> _EXERCISE AIM_:
Retype, without changes, every line from the line that contains "Used Hyundai Verna" through the final line of the records. Exclude pictures.

★ ★ ★ ★

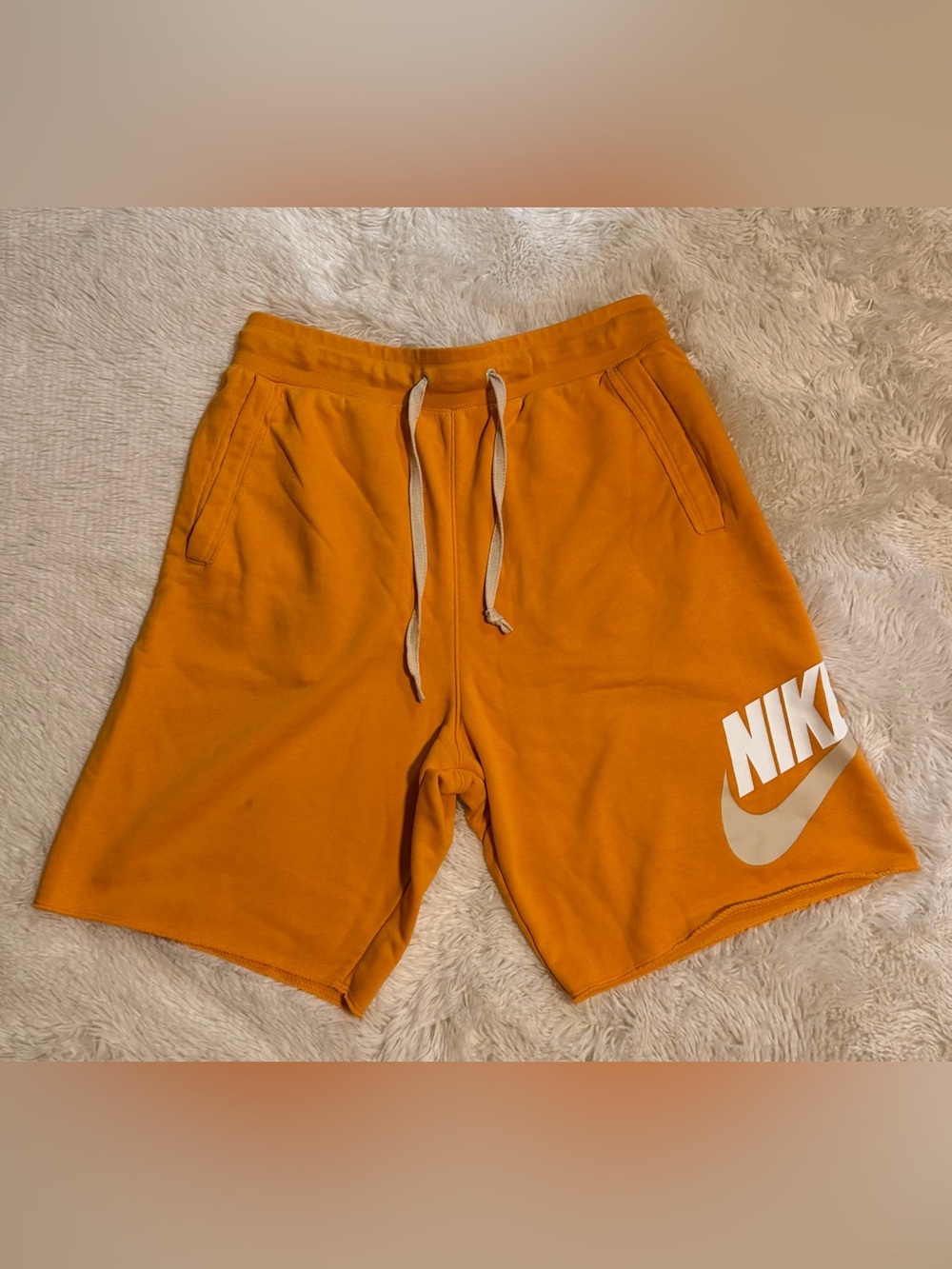 Nike Sportswear Club Fleece Shorts Orange White Logo Drawstring Men’s Medium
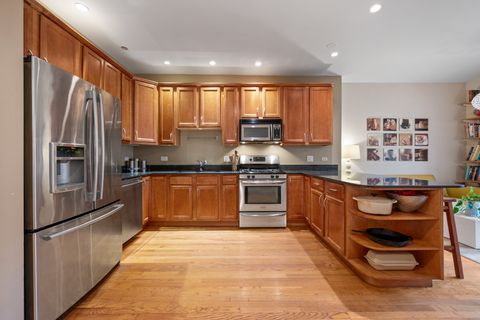 Tiny photo for 2444 N Linden Place #1, Chicago, IL 60647 (MLS # 12580941)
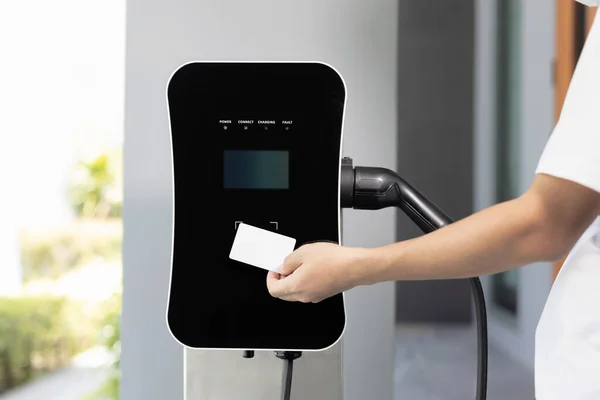 Hand Holding Credit Card Pay Public Charging Station Recharge Her — ストック写真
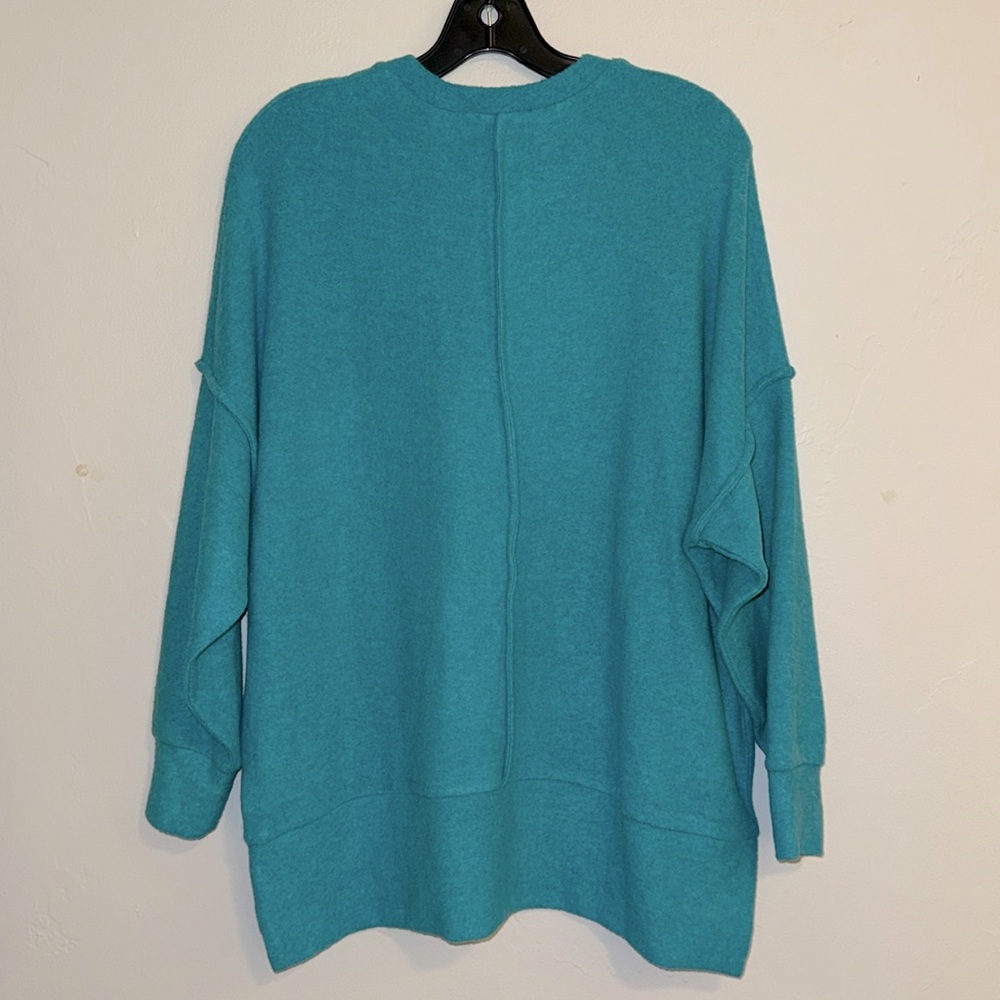 S/M turquoise cashmere feel like crew neck sweater Never Worn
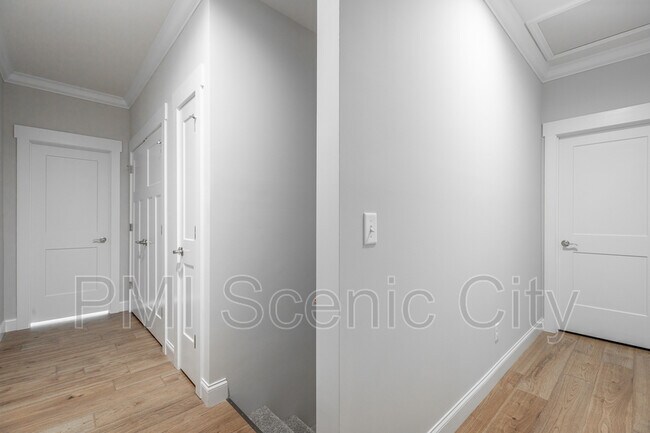 Building Photo - 1904 Cypress Ln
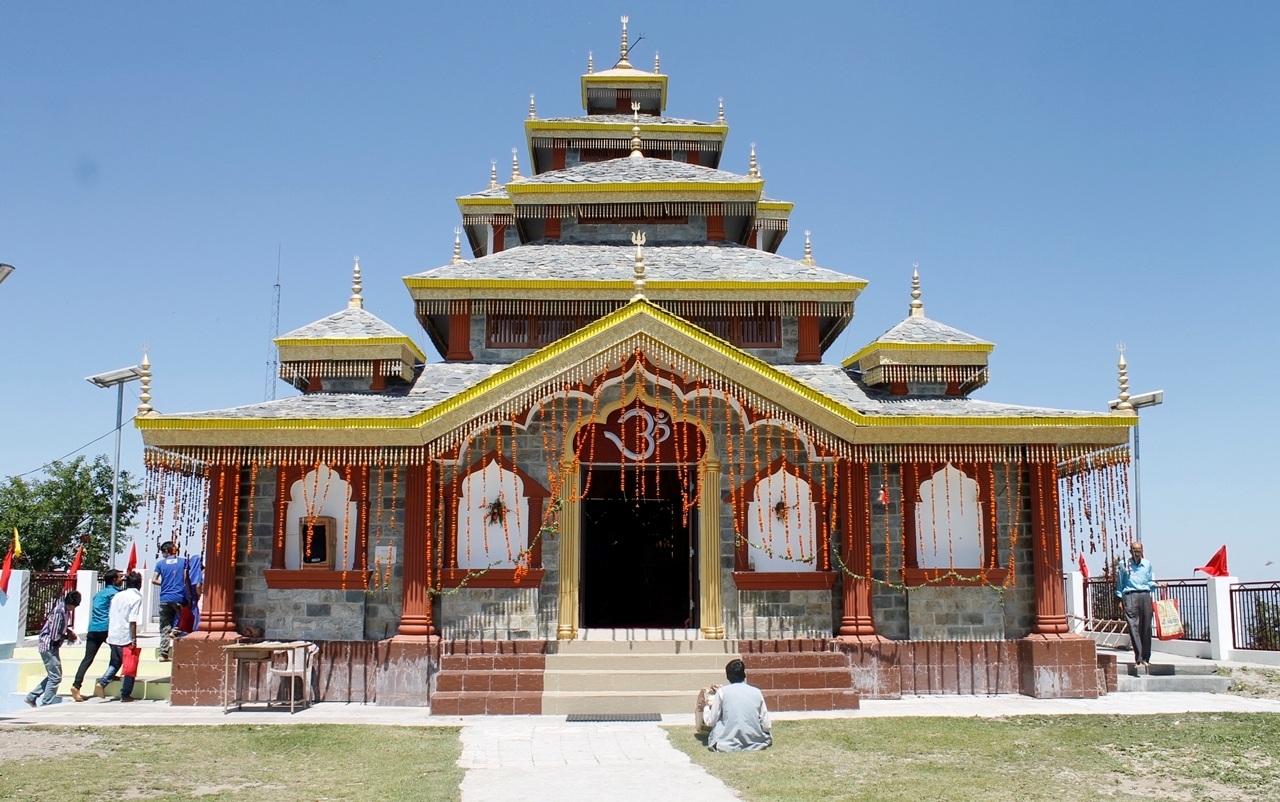 Surkanda Devi Temple Kanatal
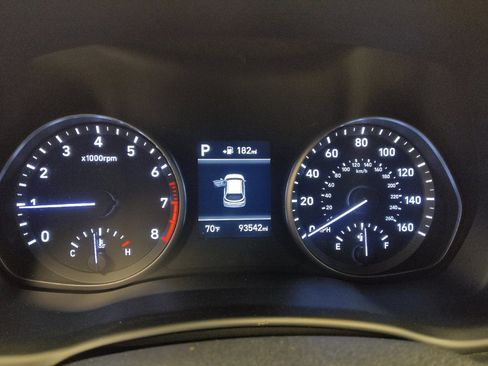Used 2018 Hyundai Elantra GT FWD image 23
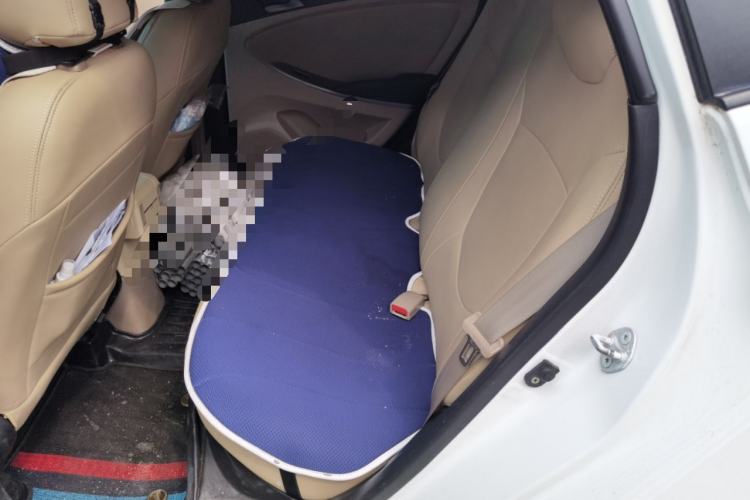 Used Hyundai Verna (older generation) 2014 1.4L Manual Smart GLS Trim Left Rear Seat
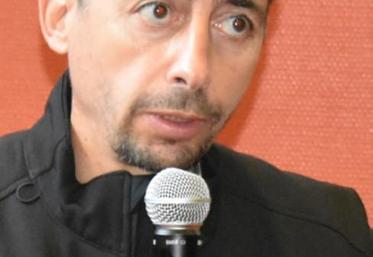 « L’objectif est de promouvoir une méthanisation
au service de l’exploitation, et pas l’inverse », insiste Régis Perier, responsable du service Espaces, territoires, environnement à la chambre d’agriculture de l’Ardèche, lors d’une journée technique sur le sujet.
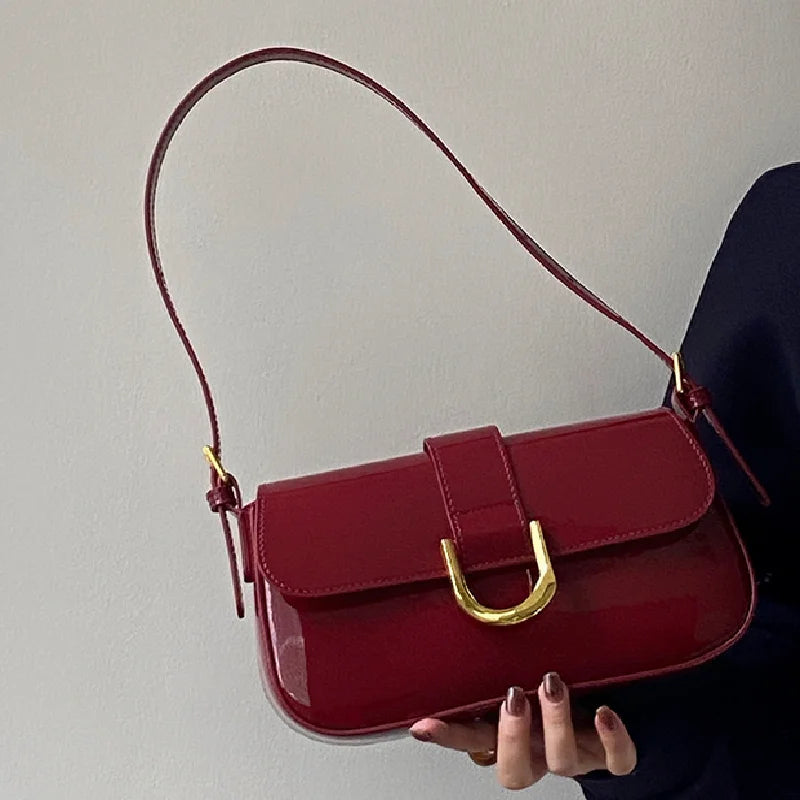 Sac à bandoulière rétro en cuir verni pour femme, sac à bandoulière à rabat de luxe, sac sous les bras de couleur unie, sac à bandoulière rouge pour femme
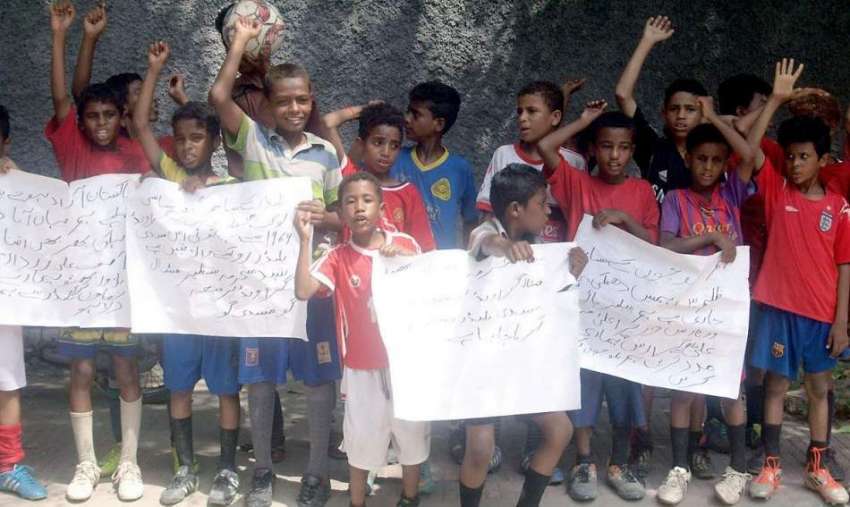 حیدر آباد: کچہ قلعہ کے رہائشی بچے فٹ بال گراؤنڈ نہ ہونے کے ..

★ ★ ★ ★

> _EXERCISE SOLUTION_:
 Used Hyundai Verna (older generation) 2014 1.4L Manual Smart GLS Trim Left Rear Seat
 « L’objectif est de promouvoir une méthanisation
au service de l’exploitation, et pas l’inverse », insiste Régis Perier, responsable du service Espaces, territoires, environnement à la chambre d’agriculture de l’Ardèche, lors d’une journée technique sur le sujet.
 Sac à bandoulière rétro en cuir verni pour femme, sac à bandoulière à rabat de luxe, sac sous les bras de couleur unie, sac à bandoulière rouge pour femme
 حیدر آباد: کچہ قلعہ کے رہائشی بچے فٹ بال گراؤنڈ نہ ہونے کے ..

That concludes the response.